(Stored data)
--

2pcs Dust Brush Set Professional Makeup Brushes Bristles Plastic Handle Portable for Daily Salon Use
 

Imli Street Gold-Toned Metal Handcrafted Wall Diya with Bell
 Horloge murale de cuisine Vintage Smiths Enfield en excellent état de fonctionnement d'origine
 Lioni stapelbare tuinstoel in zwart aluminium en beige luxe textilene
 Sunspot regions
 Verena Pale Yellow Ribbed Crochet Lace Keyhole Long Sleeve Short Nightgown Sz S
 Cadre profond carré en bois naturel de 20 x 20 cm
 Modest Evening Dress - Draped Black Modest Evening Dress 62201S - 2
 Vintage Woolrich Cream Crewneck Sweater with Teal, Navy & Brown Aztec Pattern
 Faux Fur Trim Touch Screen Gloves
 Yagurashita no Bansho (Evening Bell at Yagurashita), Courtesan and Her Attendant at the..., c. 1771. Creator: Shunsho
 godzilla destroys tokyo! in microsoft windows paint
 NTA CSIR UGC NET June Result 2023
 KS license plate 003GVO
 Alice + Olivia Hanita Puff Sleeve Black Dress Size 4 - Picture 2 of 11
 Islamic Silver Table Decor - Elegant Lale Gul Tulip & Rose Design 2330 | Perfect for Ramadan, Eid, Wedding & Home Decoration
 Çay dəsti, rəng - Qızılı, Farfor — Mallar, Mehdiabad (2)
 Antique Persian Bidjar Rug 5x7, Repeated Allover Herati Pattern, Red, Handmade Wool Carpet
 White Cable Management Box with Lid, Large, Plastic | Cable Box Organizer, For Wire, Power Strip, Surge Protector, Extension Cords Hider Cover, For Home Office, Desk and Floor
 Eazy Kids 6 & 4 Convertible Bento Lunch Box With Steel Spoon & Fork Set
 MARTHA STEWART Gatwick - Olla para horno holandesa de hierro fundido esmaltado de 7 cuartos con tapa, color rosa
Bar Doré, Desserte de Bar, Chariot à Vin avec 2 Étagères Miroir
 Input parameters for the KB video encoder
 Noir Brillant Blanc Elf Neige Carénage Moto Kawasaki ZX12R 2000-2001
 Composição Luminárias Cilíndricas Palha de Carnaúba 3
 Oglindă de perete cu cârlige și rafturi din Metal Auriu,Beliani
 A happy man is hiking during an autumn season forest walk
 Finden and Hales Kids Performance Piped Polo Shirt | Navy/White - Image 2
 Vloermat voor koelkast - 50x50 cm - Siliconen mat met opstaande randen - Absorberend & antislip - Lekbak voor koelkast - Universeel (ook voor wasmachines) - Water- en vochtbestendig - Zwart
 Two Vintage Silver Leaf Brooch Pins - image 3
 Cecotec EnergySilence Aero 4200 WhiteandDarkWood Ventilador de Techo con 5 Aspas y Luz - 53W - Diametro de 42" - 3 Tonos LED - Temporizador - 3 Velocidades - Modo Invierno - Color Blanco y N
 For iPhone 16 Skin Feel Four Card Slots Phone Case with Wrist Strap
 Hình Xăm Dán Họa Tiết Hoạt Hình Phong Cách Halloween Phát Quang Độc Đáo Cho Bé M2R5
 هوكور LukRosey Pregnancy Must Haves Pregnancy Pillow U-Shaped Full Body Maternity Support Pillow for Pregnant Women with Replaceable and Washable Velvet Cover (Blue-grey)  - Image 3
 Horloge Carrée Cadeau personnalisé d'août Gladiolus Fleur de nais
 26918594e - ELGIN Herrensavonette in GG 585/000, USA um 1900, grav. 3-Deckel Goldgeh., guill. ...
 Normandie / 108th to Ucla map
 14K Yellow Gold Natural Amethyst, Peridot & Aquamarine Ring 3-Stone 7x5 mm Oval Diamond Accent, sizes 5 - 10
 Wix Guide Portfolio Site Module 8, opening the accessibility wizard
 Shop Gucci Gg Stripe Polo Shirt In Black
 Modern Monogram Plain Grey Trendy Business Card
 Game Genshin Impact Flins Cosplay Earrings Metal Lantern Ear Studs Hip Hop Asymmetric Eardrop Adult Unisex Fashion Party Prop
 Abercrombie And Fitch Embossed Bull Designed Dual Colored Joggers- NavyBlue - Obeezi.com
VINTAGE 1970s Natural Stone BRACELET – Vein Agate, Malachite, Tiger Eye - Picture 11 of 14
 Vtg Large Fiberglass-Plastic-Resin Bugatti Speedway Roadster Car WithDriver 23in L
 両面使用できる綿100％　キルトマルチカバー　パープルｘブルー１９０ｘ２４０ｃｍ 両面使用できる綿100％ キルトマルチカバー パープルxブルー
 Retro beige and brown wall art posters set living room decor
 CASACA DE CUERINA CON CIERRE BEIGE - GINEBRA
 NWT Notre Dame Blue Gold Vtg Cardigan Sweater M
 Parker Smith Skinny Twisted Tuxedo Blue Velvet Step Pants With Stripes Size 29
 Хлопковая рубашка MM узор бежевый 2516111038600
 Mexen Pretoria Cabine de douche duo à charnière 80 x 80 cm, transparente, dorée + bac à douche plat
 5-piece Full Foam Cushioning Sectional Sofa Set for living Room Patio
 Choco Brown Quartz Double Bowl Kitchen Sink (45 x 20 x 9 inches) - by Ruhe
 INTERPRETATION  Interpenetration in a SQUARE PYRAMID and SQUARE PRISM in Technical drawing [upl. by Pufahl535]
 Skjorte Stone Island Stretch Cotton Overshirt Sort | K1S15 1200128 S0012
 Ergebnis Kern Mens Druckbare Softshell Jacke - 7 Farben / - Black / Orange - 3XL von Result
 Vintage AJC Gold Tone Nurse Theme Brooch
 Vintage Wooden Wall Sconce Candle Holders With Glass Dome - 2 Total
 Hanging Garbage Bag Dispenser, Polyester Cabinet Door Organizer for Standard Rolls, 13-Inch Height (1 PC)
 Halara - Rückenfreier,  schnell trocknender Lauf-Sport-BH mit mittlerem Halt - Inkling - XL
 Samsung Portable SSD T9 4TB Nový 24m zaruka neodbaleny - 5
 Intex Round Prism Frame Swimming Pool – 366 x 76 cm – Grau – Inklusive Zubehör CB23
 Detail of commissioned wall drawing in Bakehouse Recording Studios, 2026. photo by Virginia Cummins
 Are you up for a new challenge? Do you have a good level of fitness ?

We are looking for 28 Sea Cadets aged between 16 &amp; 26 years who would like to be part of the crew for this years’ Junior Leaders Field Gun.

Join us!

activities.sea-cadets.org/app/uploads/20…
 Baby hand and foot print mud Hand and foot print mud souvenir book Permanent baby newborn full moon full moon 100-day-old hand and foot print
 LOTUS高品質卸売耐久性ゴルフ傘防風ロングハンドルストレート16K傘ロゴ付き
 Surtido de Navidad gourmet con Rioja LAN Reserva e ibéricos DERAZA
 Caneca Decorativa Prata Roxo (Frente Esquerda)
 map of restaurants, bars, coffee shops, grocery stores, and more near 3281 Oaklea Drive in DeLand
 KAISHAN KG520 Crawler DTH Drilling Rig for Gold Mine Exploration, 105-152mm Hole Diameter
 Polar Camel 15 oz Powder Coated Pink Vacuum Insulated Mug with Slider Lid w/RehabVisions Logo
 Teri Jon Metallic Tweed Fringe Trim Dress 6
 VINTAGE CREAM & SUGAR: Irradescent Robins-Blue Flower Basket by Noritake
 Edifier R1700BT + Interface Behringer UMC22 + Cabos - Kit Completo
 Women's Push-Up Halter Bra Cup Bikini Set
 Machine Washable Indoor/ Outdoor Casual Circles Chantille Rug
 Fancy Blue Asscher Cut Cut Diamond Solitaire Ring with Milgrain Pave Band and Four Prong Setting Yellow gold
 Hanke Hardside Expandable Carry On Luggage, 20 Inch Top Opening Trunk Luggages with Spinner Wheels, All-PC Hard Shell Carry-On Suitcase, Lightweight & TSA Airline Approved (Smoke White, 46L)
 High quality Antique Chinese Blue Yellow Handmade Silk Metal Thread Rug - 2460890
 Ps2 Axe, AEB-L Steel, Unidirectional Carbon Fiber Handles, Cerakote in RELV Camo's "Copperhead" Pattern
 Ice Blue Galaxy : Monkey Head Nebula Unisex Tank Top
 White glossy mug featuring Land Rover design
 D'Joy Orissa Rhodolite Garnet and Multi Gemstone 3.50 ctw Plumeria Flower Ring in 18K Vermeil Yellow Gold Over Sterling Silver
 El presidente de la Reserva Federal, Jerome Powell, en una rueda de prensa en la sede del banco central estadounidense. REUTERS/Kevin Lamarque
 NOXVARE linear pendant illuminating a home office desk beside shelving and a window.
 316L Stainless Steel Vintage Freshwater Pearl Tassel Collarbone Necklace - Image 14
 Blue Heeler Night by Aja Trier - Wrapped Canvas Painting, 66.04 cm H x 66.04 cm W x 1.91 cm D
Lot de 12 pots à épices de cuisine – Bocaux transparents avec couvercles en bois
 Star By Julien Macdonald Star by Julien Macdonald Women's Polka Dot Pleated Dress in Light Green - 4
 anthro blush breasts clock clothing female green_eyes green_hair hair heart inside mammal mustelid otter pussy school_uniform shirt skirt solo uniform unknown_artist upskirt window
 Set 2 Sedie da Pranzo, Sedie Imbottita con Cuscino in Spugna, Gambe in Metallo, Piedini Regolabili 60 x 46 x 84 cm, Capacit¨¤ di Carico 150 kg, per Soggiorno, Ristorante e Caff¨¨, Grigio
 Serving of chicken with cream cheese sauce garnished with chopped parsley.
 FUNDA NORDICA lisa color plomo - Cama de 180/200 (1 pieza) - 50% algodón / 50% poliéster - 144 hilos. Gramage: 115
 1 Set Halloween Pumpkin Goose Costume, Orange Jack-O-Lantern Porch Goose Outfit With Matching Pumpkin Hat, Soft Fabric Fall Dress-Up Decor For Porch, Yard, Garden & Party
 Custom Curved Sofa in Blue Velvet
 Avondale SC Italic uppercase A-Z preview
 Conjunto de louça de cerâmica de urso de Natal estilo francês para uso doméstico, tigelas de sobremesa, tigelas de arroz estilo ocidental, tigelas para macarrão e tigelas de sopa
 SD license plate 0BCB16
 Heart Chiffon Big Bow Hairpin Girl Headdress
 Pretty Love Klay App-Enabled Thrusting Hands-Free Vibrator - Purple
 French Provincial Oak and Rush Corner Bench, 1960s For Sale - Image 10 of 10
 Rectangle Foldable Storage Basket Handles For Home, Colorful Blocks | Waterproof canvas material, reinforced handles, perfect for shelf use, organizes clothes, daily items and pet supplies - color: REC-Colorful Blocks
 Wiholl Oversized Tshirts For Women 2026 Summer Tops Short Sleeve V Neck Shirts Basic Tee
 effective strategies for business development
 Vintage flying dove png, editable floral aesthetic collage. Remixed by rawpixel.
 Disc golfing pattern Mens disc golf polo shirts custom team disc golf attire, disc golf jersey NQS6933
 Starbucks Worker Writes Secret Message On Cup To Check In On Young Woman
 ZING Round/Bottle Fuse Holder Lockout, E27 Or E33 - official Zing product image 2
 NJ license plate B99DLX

--

TRY IT →
Above are the records; repeat exactly the lines from the one holding "Ice Blue Galaxy" down to the one holding "Lot de 12 pots", end lines included.

ANSWER TO THIS PROBLEM →
 Ice Blue Galaxy : Monkey Head Nebula Unisex Tank Top
 White glossy mug featuring Land Rover design
 D'Joy Orissa Rhodolite Garnet and Multi Gemstone 3.50 ctw Plumeria Flower Ring in 18K Vermeil Yellow Gold Over Sterling Silver
 El presidente de la Reserva Federal, Jerome Powell, en una rueda de prensa en la sede del banco central estadounidense. REUTERS/Kevin Lamarque
 NOXVARE linear pendant illuminating a home office desk beside shelving and a window.
 316L Stainless Steel Vintage Freshwater Pearl Tassel Collarbone Necklace - Image 14
 Blue Heeler Night by Aja Trier - Wrapped Canvas Painting, 66.04 cm H x 66.04 cm W x 1.91 cm D
Lot de 12 pots à épices de cuisine – Bocaux transparents avec couvercles en bois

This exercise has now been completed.